Most of the mass of the particles in the PM10 range comes from particles greater than 2.5 micrometers in size. Filter tests the electret filter and the HEPA filter show these filters should capture in excess of 90% of the particles reaching the filters. Therefore, it is somewhat surprising that the electret and the HEPA filters only reduced PM10 by 38%. It appears that the larger mass particles are not staying in the air long enough to reach the filtration devices.
It should also be noted the requirement of a 90% reduction is somewhat arbitrary. Allergic reactions vary considerably from person to person. What would be an insufficient reduction in exposure for some would be adequate for others. If 90% allergen reduction is indeed the goal, then the study should have tested air cleaners with sufficient efficiency and cleaning capacity to achieve this goal. In other words, the study illustrated that small air cleaners may be inadequate but not that all air cleaners would be incapable of achieving the desired reductions.
Finally, the study emphasizes the importance of source control for reducing allergen exposure. If one has a rodent problem, the answer is not to purchase an air purifier. The answer is to eliminate the source of the allergen ie.exterminate the mice. In the case of the Johns Hopkins study this was hardly an option. But it can and should be part of the approach to reducing indoor allergens. Once the source is controlled, then an air purifier with sufficient air flow is a realistic enhancement.

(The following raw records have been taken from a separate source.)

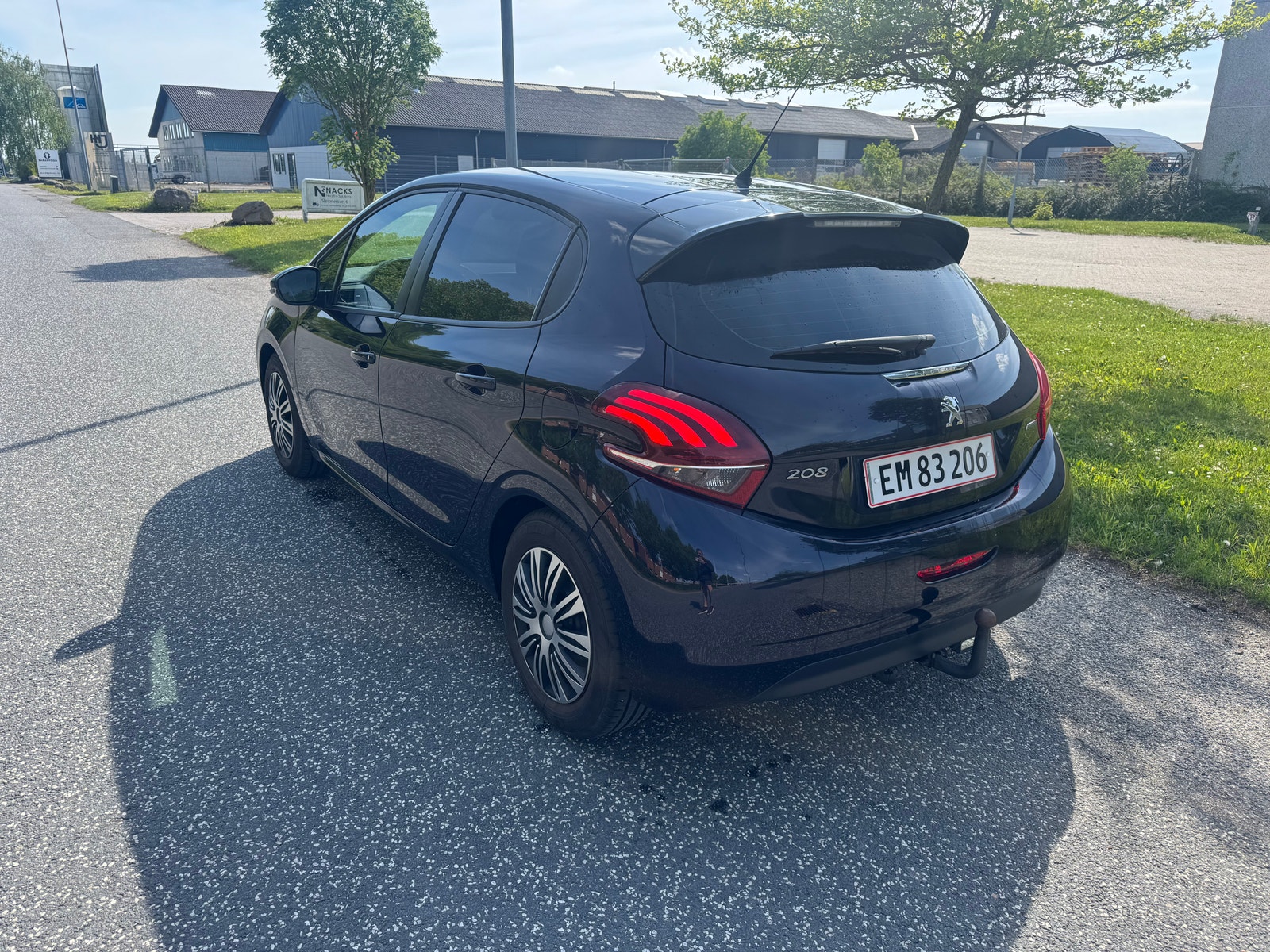 Peugeot 208 – billede 3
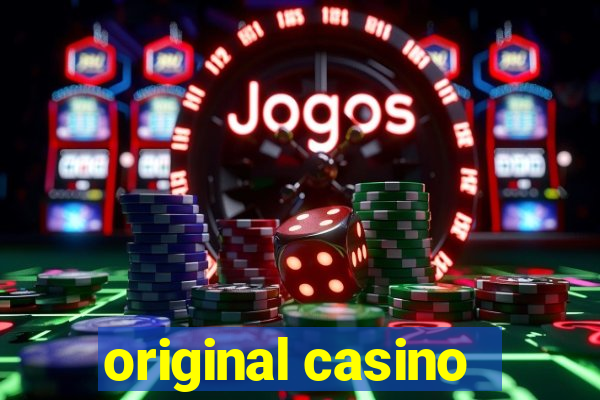 original casino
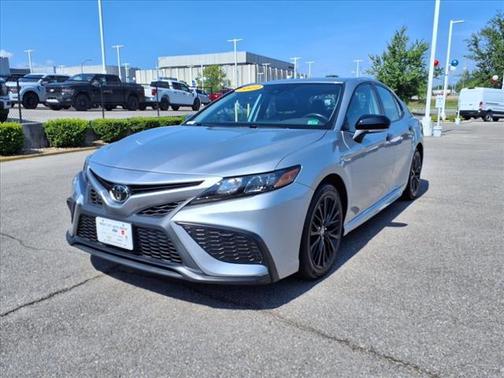 2022 Toyota Camry SE Nightshade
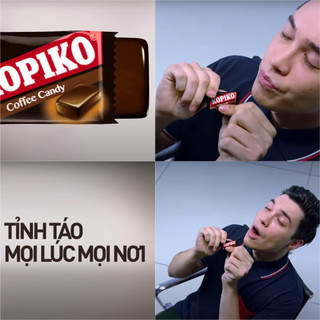 Kẹo Cà Phê Kopiko Coffee Candy 140g_KK0163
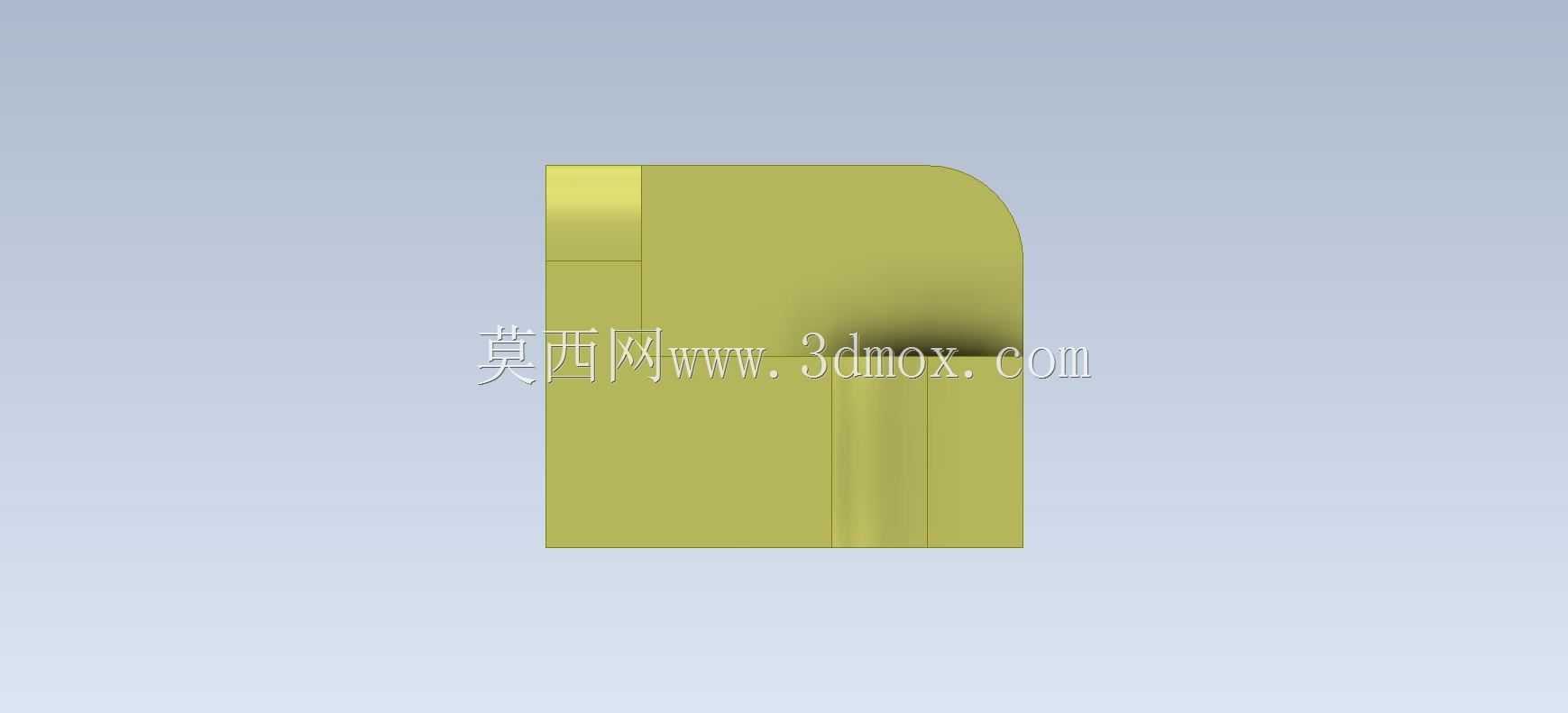 Studycadcam三维CAD练习883/Autodesk Inventor Pro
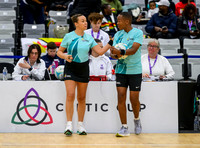 Namibia v Zimbabwe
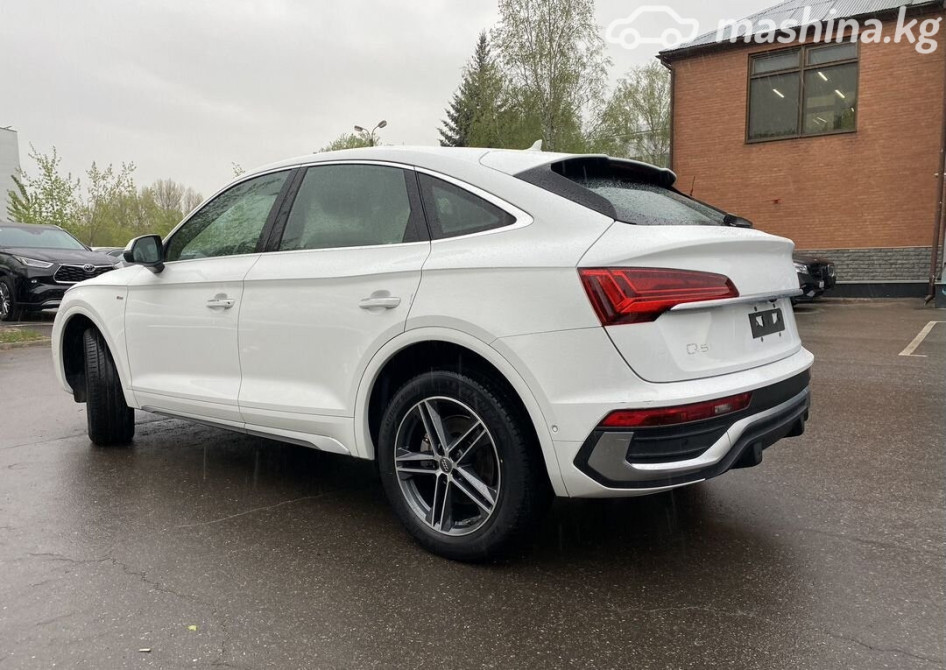Audi Q5 II (FY) Рестайлинг L 40 TFSI 2.0, 2021 Бишкек - сүрөт 3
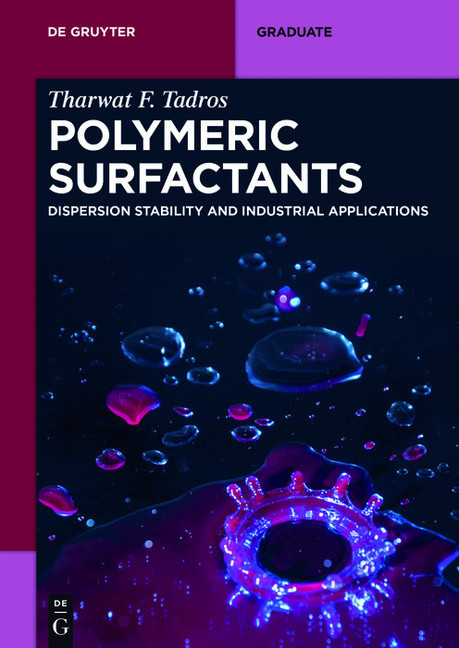 Polymeric Surfactants main product photo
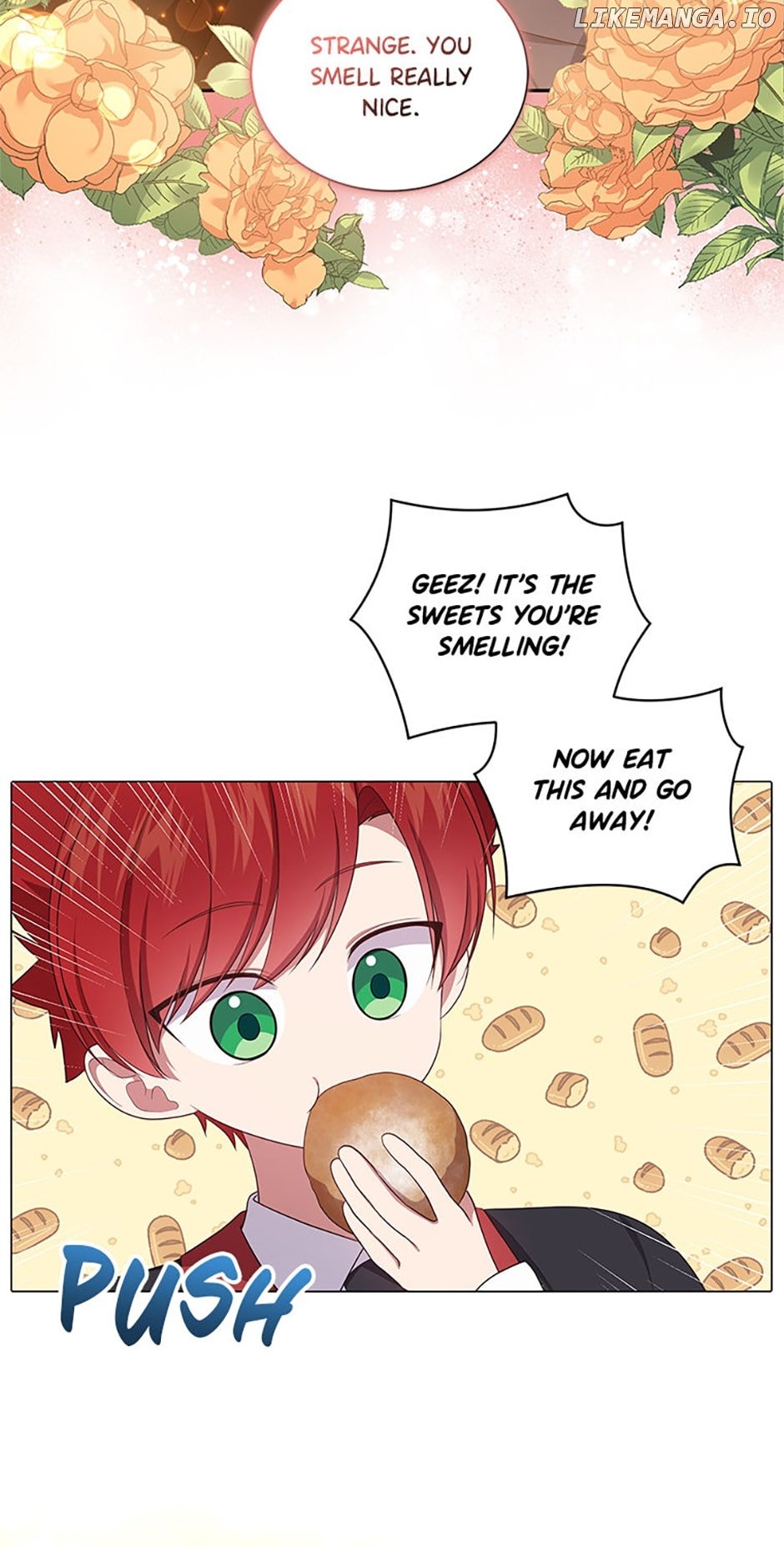 The Villain's Beloved Daughter Chapter 62 - page 34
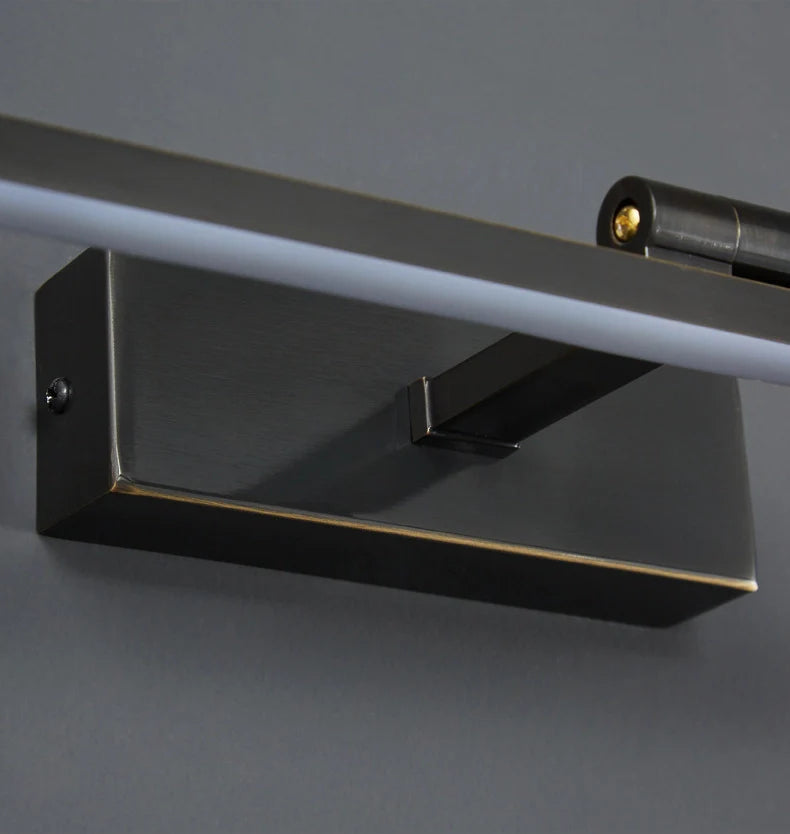 Linear Bathroom Wall Light - Nuvé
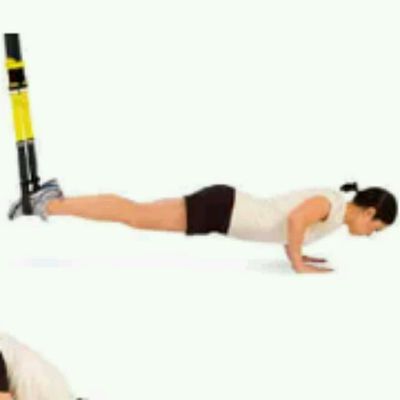 TRX ATOMIC PUSH-UP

This conclusion is borne out by the Inner City Asthma Study. In this study published in the New England Journal of Medicine (September 2004) and co-funded by the National Institute of Allergy and Infectious Diseases (NIAID) and the National Institute of Environmental Health Sciences (NIEHS), it was found that a HEPA air cleaner when used in conjunction with dust mite proof mattress and pillow covers, professional extermination and a HEPA vacuum dramatically reduced asthma symptoms.
This study involved over 900 children between the ages of 5 and 11 in seven major metropolitan areas. The children living in homes with these simple environmental controls had an average of 21 fewer days of symptoms in the first year and an average of 16 fewer days during the second, or follow-up year. In addition, the benefits of the intervention occured rapidly. Investigators noted significant reductions in symptoms just 2 months after the study began.
Dr. Anthony Fauci, Director of NIAID stated: “For millions of children living with asthma, this important research demonstrates that taking practical steps can achieve long-term benefits in the form of better quality of life, fewer emergency room visits and lower healthcare costs.” Dr. Kenneth Olden, Director of NIEHS, summarized the results as follows: “These study results are exciting because they show that changes made in the home environment can produce a reduction in symptoms comparable to that achieved with that of asthma inhalers.”
In conclusion, the Johns Hopkins air purifier research provides some interesting information regarding the challenges of removing airborne particles. First, larger particles settle out of the air quickly and are difficult to capture. Secondly, an air purifier needs to have sufficient capacity to provide an adequate number of air changes per hour to remove target medium and small particles. Thirdly, source reduction needs to be a part of any environmental control strategy.